**What this task involves:**
Reproduction of part of the material below, pictures omitted: copy exactly, and only, the lines starting with the one with "Lucia Hunt and" and going on through the one with "STUDIO NICHOLSON /".

**Provided records:**
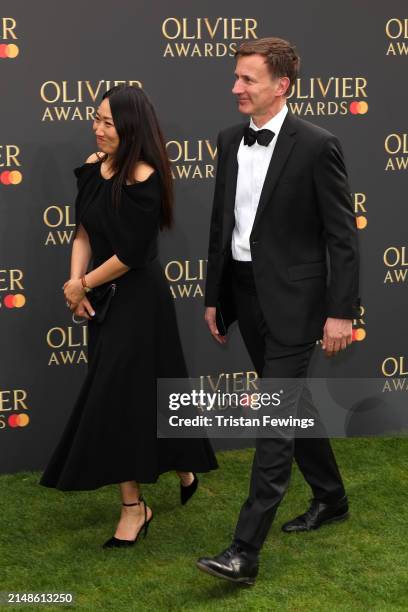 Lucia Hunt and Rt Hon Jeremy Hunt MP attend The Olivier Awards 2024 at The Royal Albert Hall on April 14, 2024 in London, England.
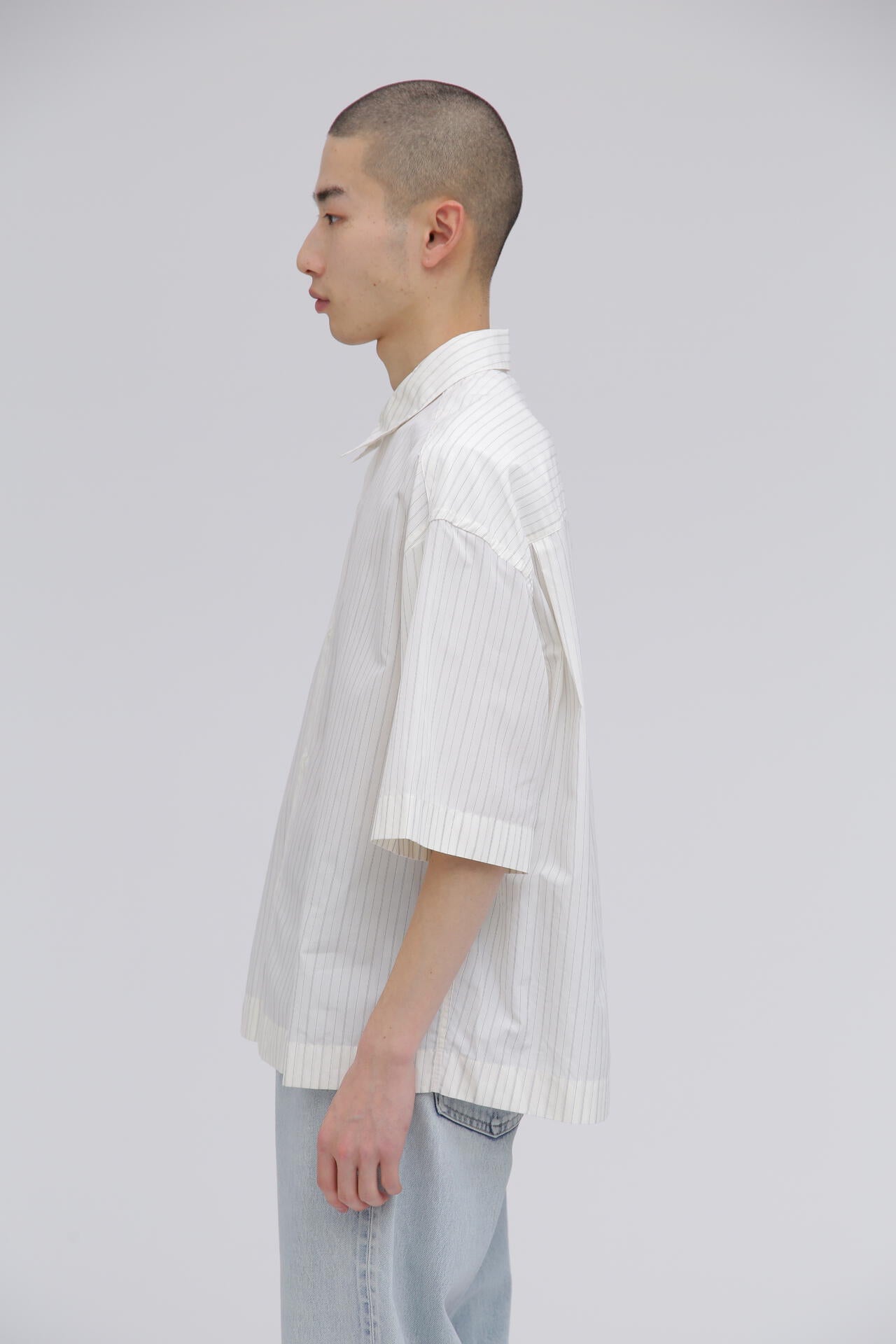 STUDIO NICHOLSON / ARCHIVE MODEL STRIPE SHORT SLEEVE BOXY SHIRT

--

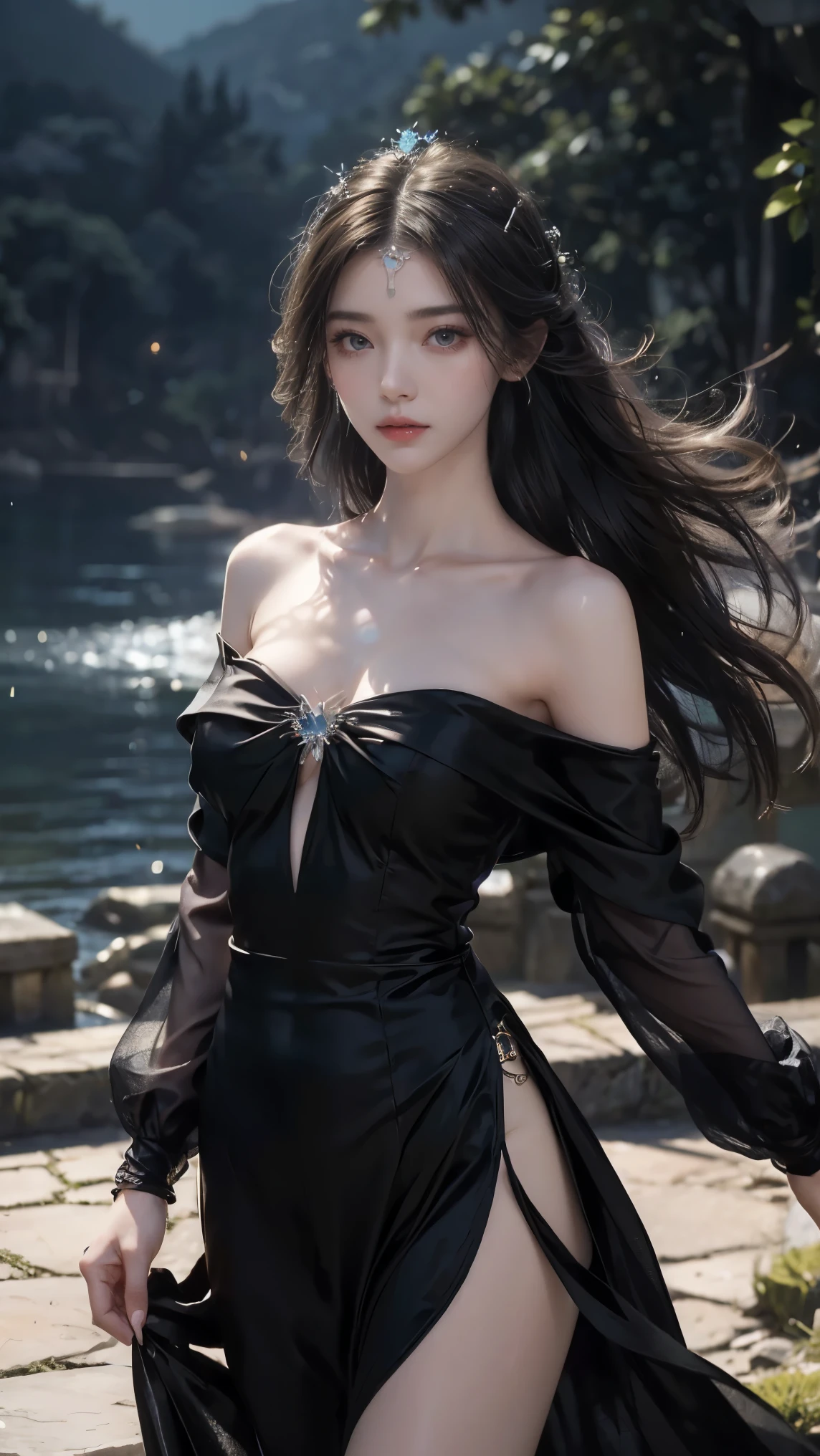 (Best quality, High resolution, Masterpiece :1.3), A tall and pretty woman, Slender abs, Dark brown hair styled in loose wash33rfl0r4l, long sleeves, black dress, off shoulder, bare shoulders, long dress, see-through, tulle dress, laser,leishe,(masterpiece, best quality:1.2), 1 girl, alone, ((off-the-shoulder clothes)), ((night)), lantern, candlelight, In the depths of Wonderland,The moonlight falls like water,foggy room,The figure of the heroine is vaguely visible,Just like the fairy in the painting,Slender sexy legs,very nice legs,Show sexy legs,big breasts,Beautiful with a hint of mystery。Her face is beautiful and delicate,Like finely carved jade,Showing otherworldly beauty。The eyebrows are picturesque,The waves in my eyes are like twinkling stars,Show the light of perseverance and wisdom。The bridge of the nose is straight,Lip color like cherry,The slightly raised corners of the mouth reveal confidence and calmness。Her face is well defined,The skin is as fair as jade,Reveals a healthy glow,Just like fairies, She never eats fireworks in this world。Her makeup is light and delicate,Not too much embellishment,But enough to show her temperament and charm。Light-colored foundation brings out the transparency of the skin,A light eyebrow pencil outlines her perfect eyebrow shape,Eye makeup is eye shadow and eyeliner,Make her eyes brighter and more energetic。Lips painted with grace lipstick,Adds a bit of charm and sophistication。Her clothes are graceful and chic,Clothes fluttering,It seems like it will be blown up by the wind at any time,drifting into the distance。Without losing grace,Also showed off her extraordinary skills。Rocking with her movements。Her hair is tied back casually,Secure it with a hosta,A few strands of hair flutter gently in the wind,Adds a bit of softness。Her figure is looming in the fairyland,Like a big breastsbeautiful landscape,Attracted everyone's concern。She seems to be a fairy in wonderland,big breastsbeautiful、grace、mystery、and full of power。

* * *

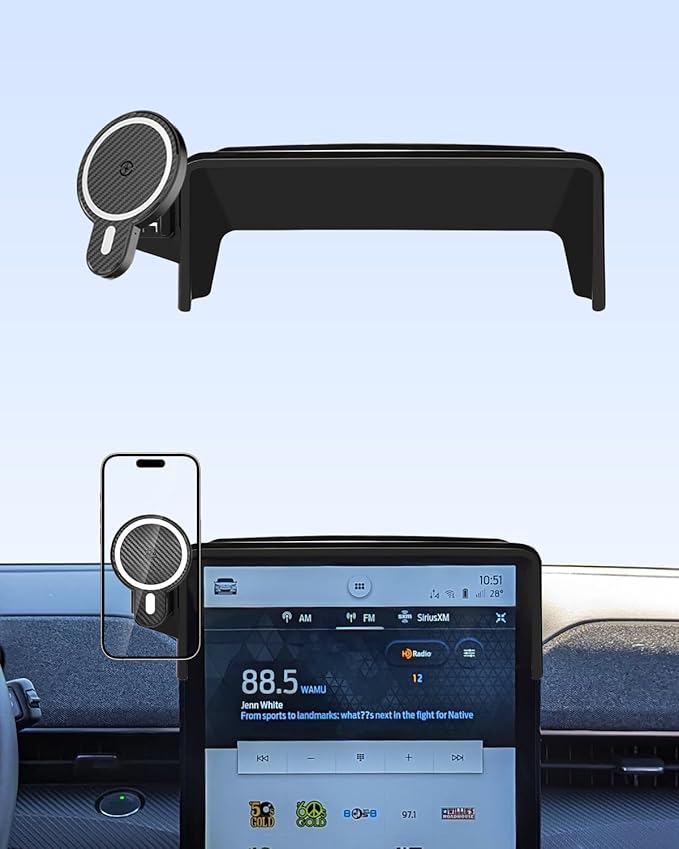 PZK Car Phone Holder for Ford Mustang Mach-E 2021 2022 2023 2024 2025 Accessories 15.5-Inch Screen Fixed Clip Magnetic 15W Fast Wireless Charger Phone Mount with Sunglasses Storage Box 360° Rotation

**Response below:**
 Lucia Hunt and Rt Hon Jeremy Hunt MP attend The Olivier Awards 2024 at The Royal Albert Hall on April 14, 2024 in London, England.
 STUDIO NICHOLSON / ARCHIVE MODEL STRIPE SHORT SLEEVE BOXY SHIRT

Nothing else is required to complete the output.